Todd DePastino (born in Pittsburgh, Pennsylvania, United States) is an author and history professor.

Biography

Personal life
DePastino and his wife Stephanie live in Pittsburgh with their two children.

Education
Mt. Lebanon High School in Pittsburgh; 
BA in History and Philosophy from Boston College;
MA and Ph.D. in American History from Yale University.

Academic career
DePastino teaches at Penn State Beaver.

Writing career
With the birth of his first daughter in 1996, DePastino became a stay-at-home dad, teaching in the evenings at Penn State Beaver and Waynesburg College while finishing his Ph.D. He then revised his dissertation on the history of homelessness into a book, for which he won a National Endowment for the Humanities Fellowship. The result was Citizen Hobo: How a Century of Homelessness Shaped America (2003).

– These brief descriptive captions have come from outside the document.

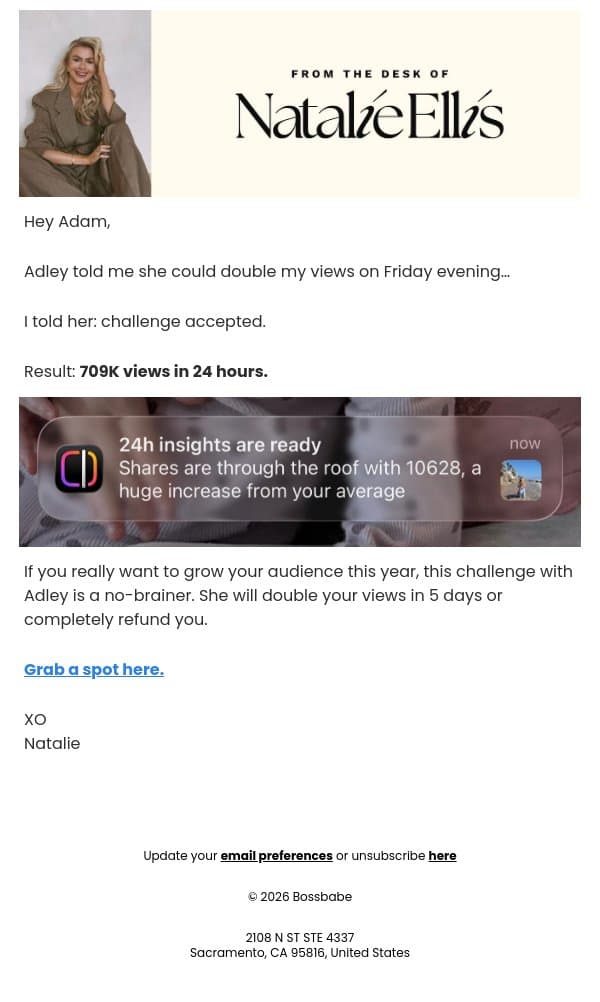 she got me 700k views in 24 hrs email from BossBabe screenshot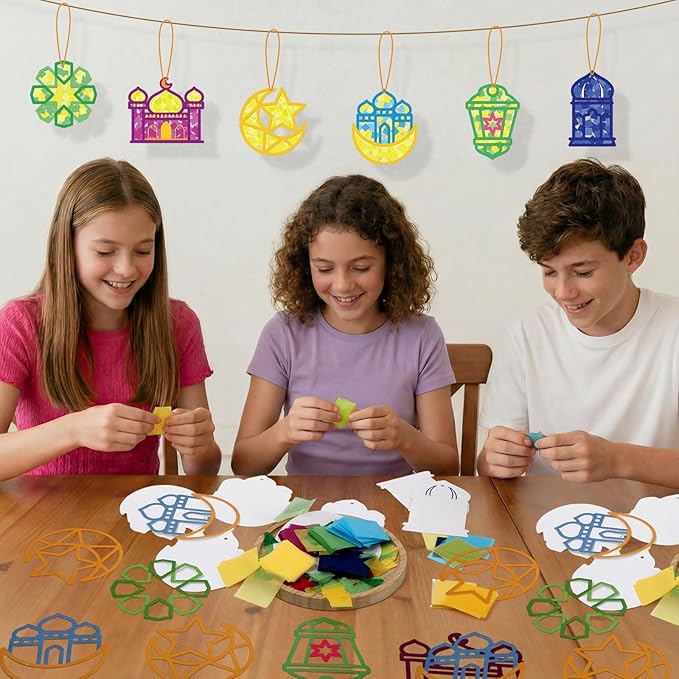 Feifeiya 24 Set Ramadan Crafts - DIY Ramadan Suncatcher Tissue Paper Craft Kit Eid Mubarak Crafts Bulk for Eid Al-fitr Activities Ornaments Hanging Decorations Party Gifts Favors Supplies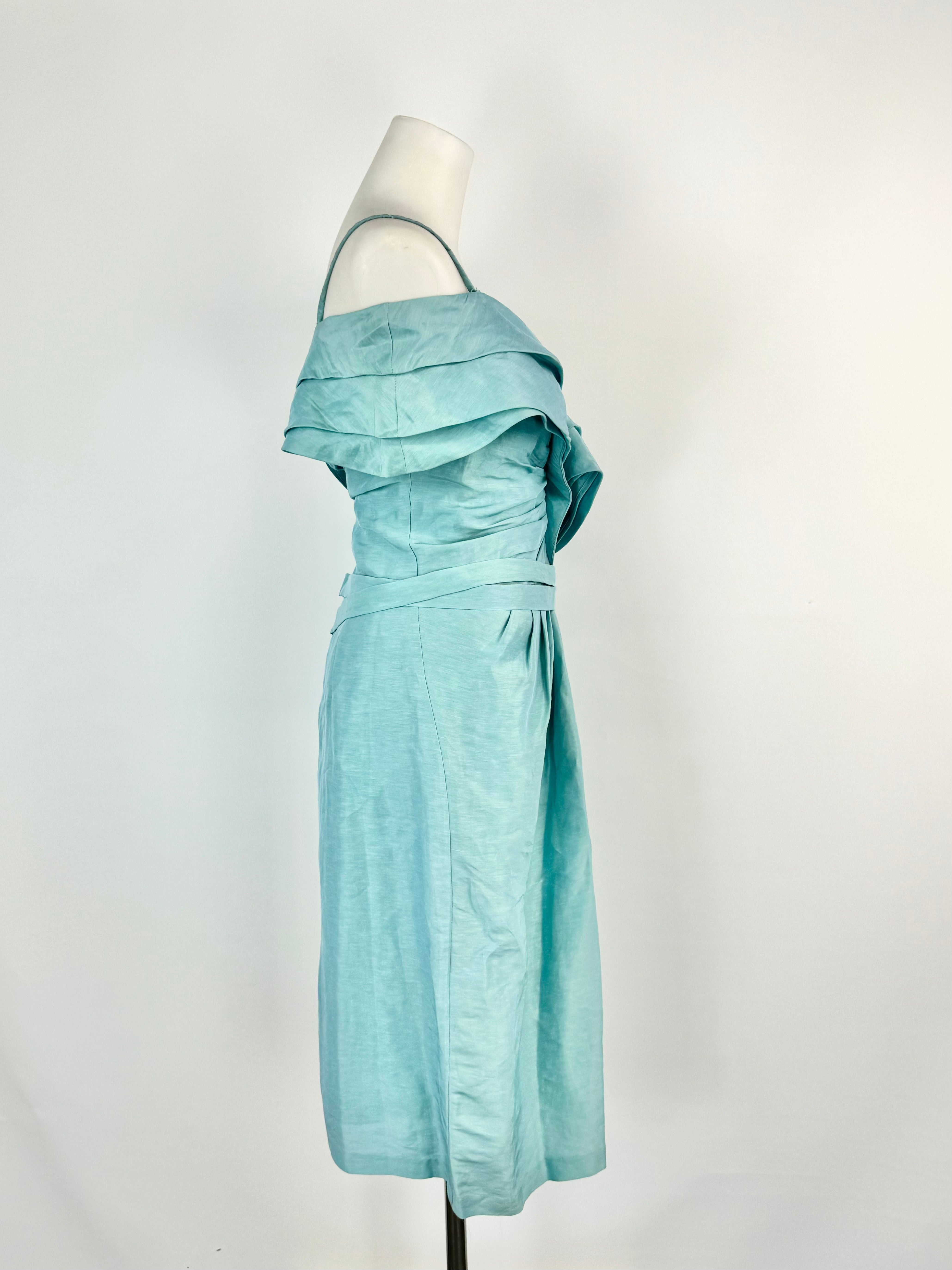 Maticevski Sky Blue Linen & Silk Midi Dress - AU10/AU12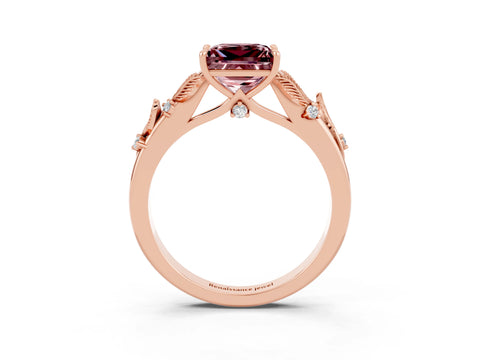 Rose gold Princess Cut Morganite Solitaire Ring with Leaf Motif Band and Four-Prong Setting_3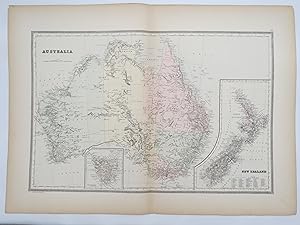 ORIGINAL 1888 HAND COLORED BRADLEY MAP-MITCHELL OF AUSTRALIA & NEW ZEALAND 19" X 25"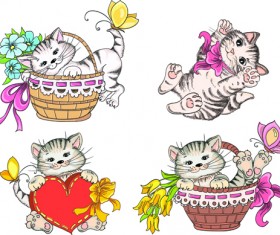 Cute cat design vector material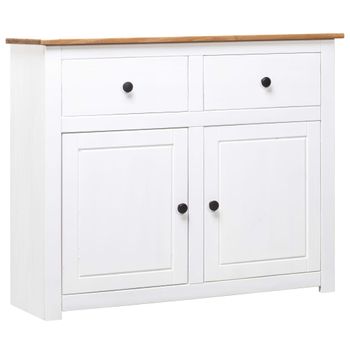 Aparador | Armario De Cocina | Buffet De Salón De Madera Maciza Pino Estilo Panamá Blanco 93x40x80 Cm Cfw737434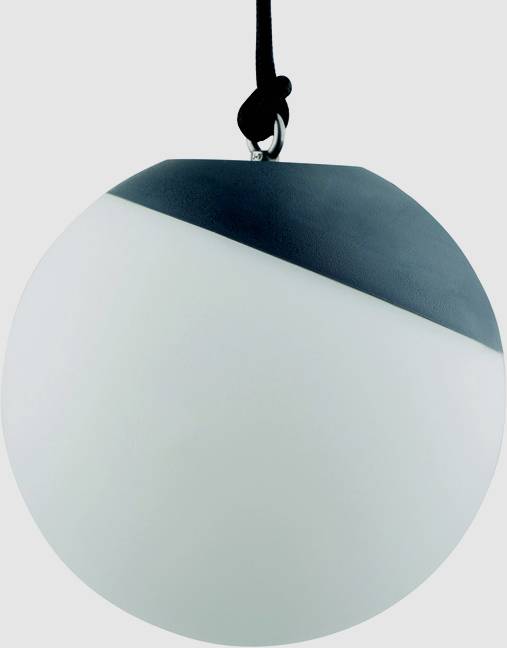Round pendant light with a half black-covered, white sphere. It is suspended by a black cord.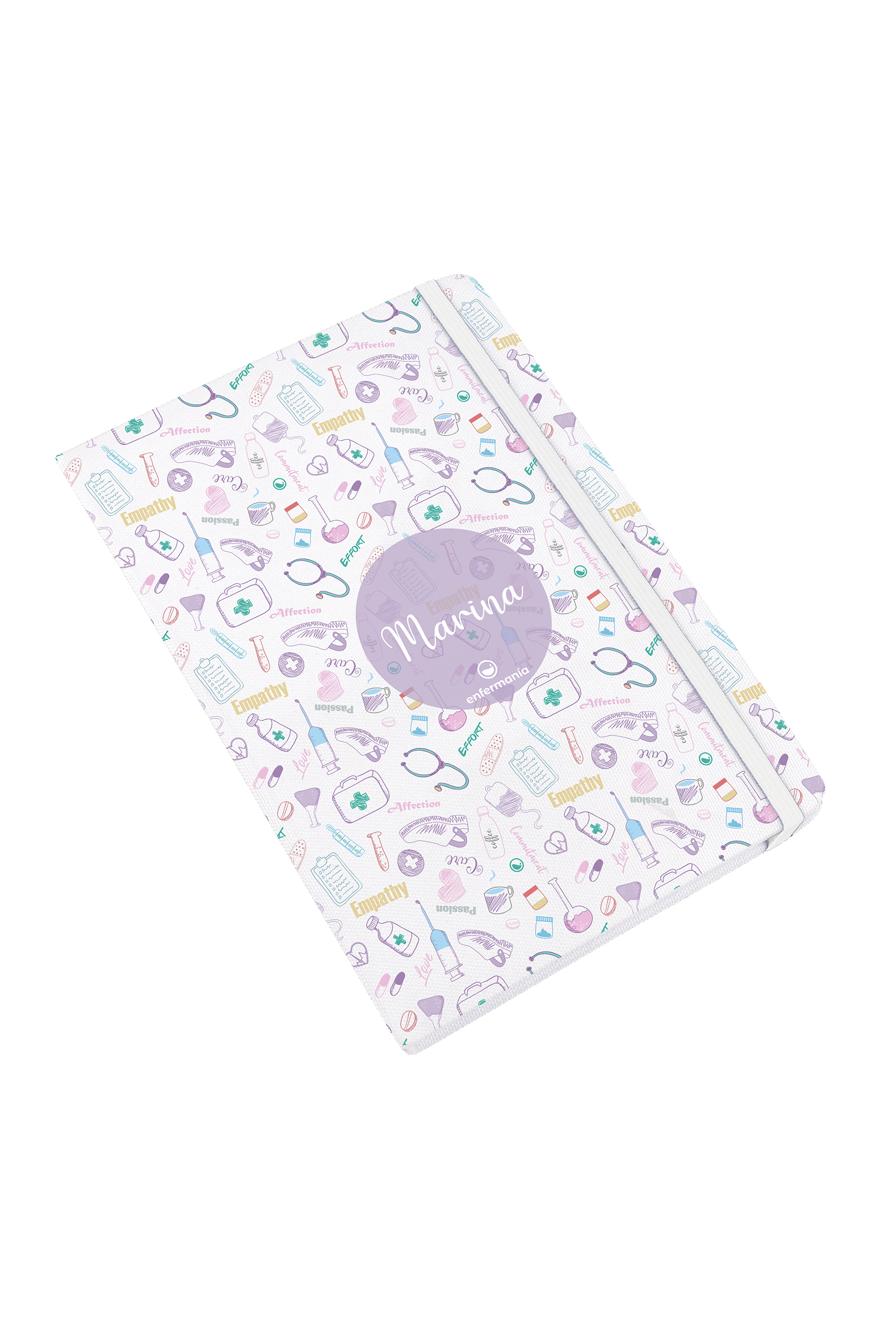 A5 customizable notebook with white elastic band – Care Collection-2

After editing, annotating, and introducing the lost classic, The Road by Jack London, DePastino plunged into his Bill Mauldin research. Bill Mauldin: A Life Up Front (2008) received strong reviews, was an Eisner Award finalist, and won the Sperber Prize for the best biography of a major media figure. His award-winning double-volume collection of Mauldin's World War II cartoons, Willie & Joe: The WWII Years (2008) was followed in 2011 by Willie & Joe: Back Home, which covers 1945-1946.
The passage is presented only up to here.